Provided data
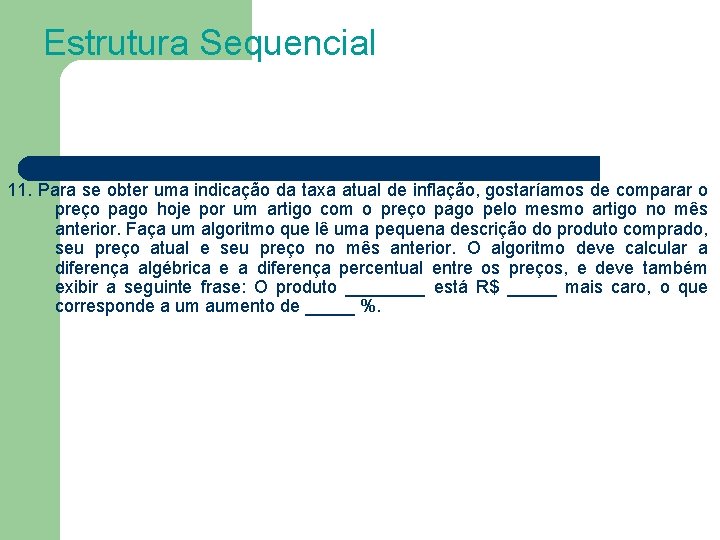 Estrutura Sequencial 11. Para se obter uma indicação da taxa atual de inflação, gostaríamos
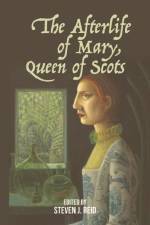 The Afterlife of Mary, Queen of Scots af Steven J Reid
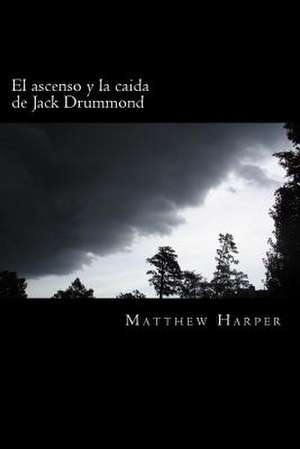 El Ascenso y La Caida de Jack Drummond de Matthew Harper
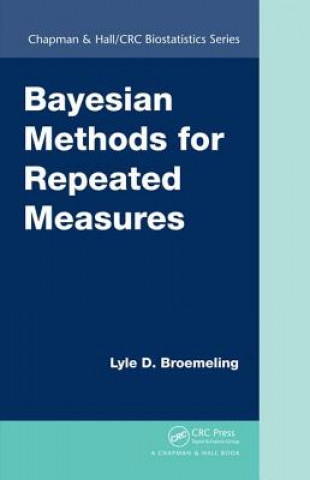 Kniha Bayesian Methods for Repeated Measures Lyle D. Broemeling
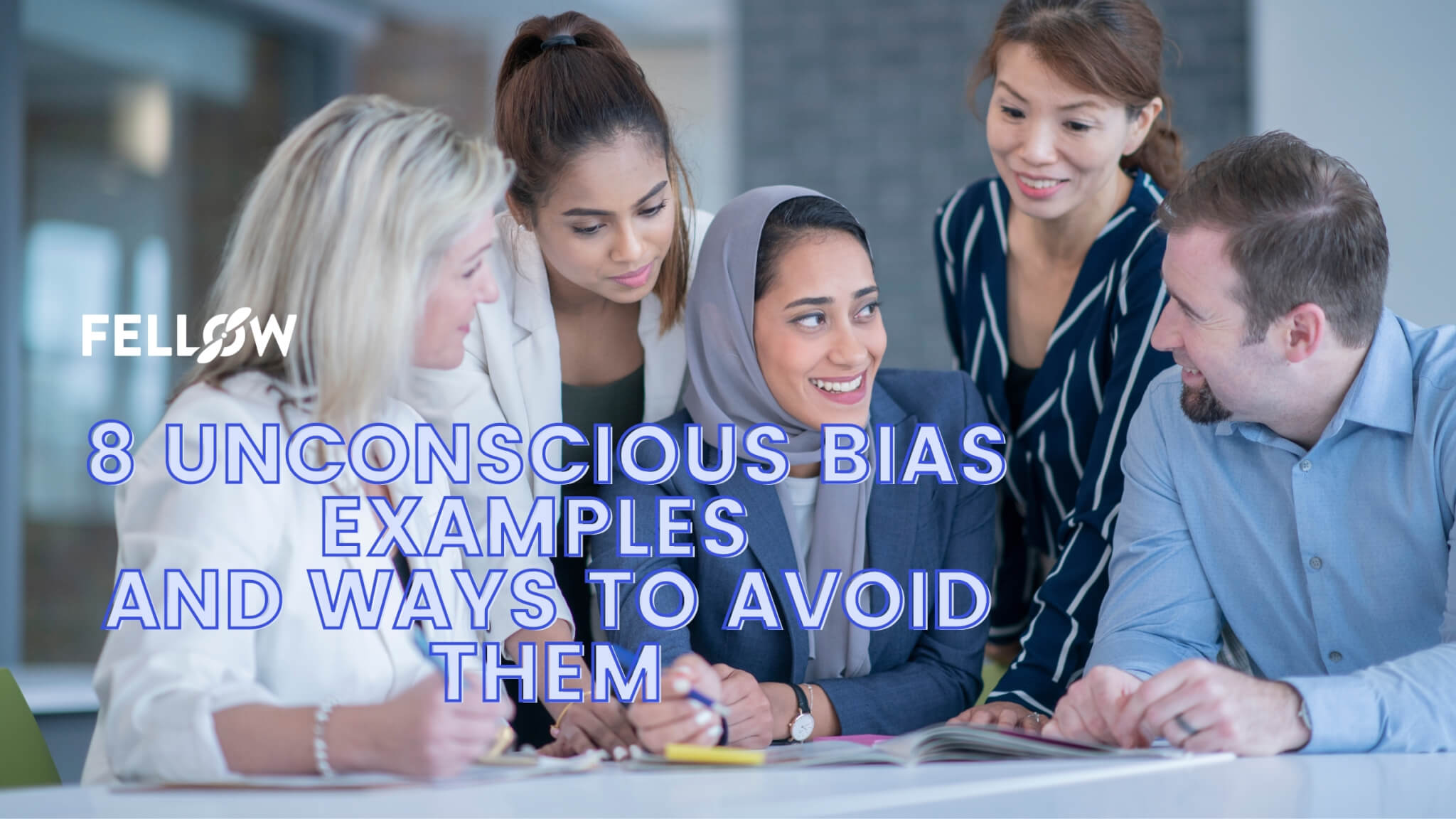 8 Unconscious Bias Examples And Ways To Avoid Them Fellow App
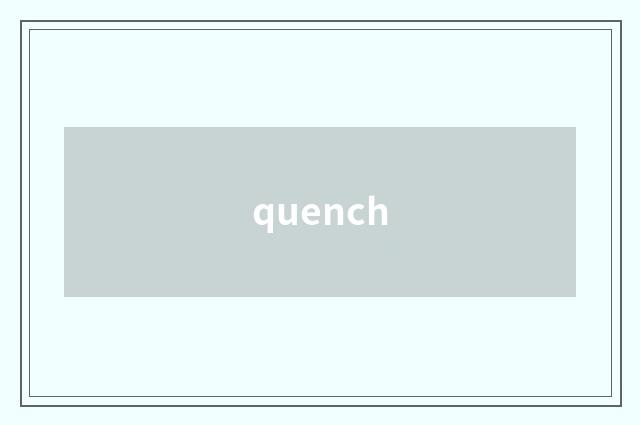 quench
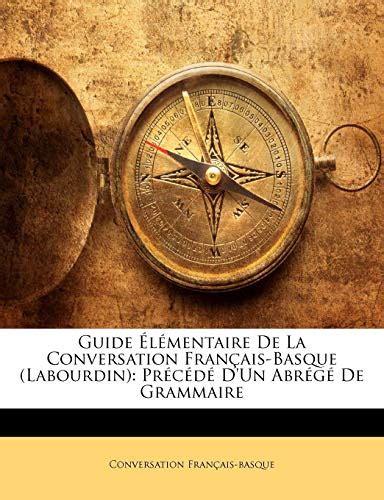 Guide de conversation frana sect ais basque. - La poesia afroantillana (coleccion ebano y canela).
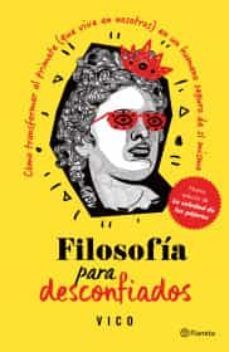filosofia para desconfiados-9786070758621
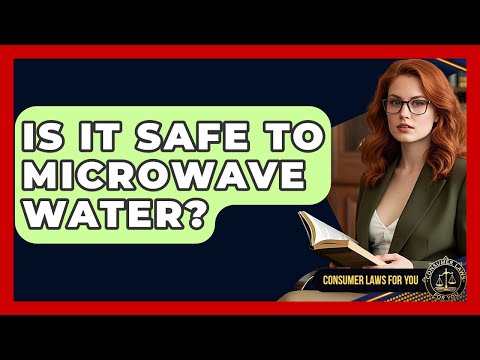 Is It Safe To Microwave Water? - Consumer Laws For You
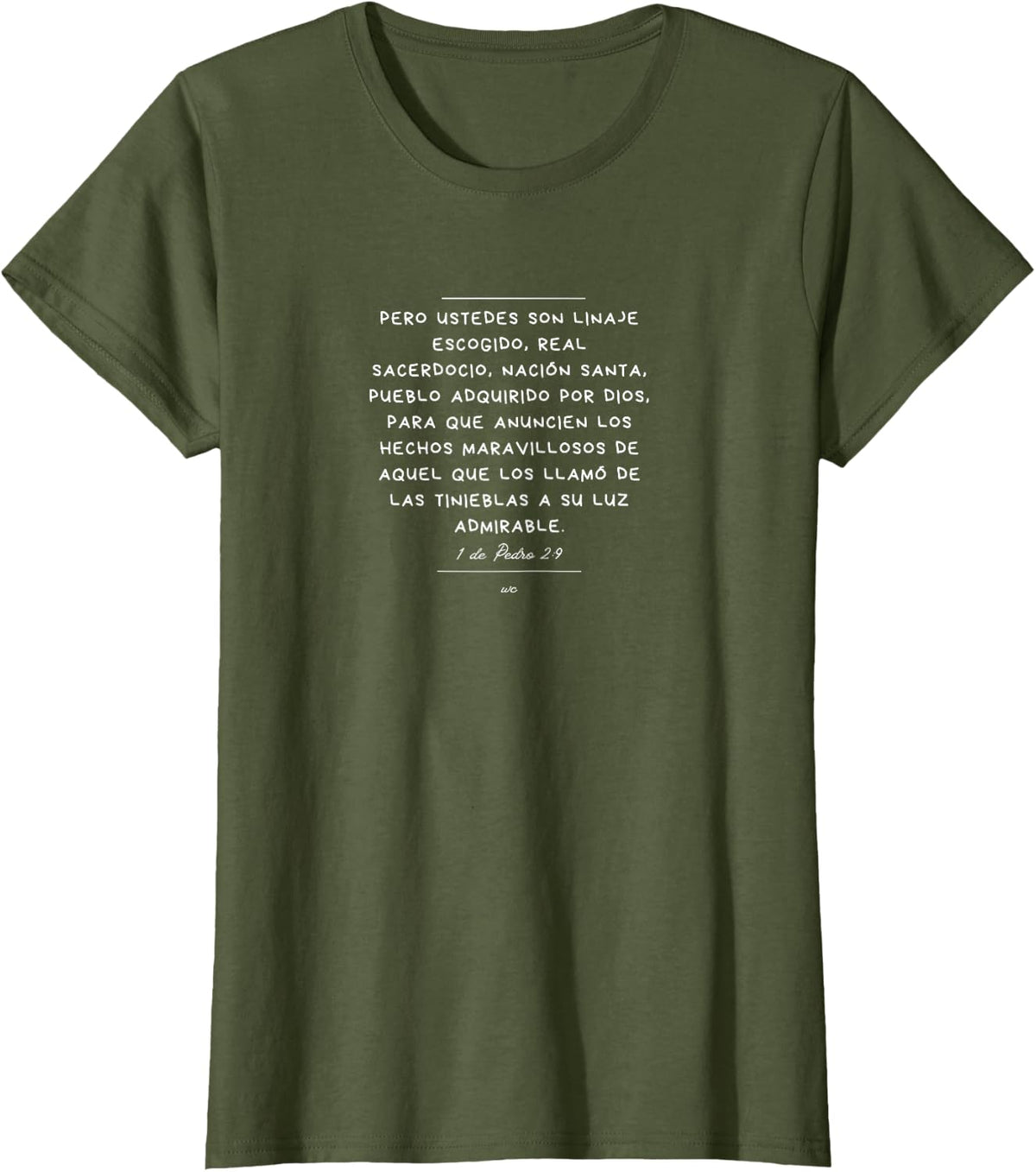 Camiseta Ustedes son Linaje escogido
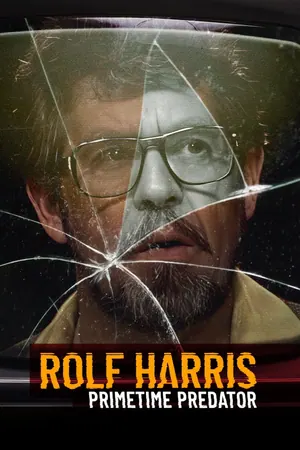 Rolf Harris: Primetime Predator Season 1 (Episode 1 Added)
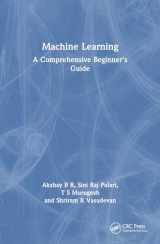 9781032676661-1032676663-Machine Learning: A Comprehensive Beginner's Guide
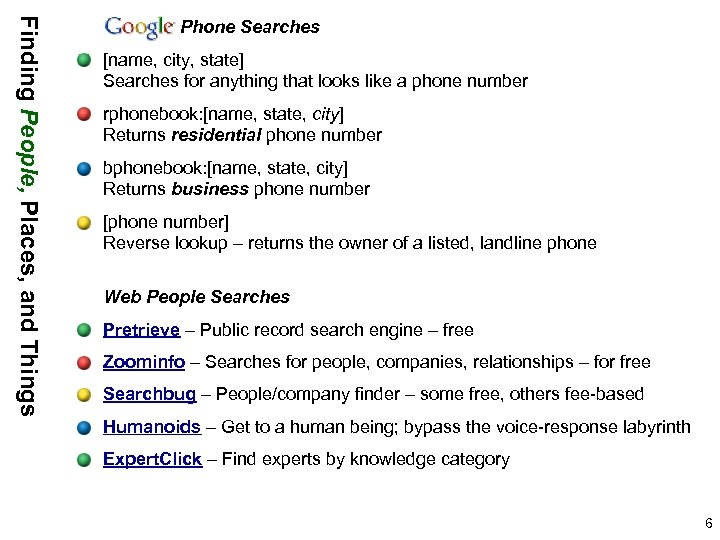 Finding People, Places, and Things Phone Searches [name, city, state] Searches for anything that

Work to be completed
Please copy exactly the lines from the one containing "Is It Safe To" through the last line of the records above, both included, and leave out any pictures.

Written answer
 Is It Safe To Microwave Water? - Consumer Laws For You
 Camiseta Ustedes son Linaje escogido
 Rolf Harris: Primetime Predator Season 1 (Episode 1 Added)
 9781032676661-1032676663-Machine Learning: A Comprehensive Beginner's Guide
 Finding People, Places, and Things Phone Searches [name, city, state] Searches for anything that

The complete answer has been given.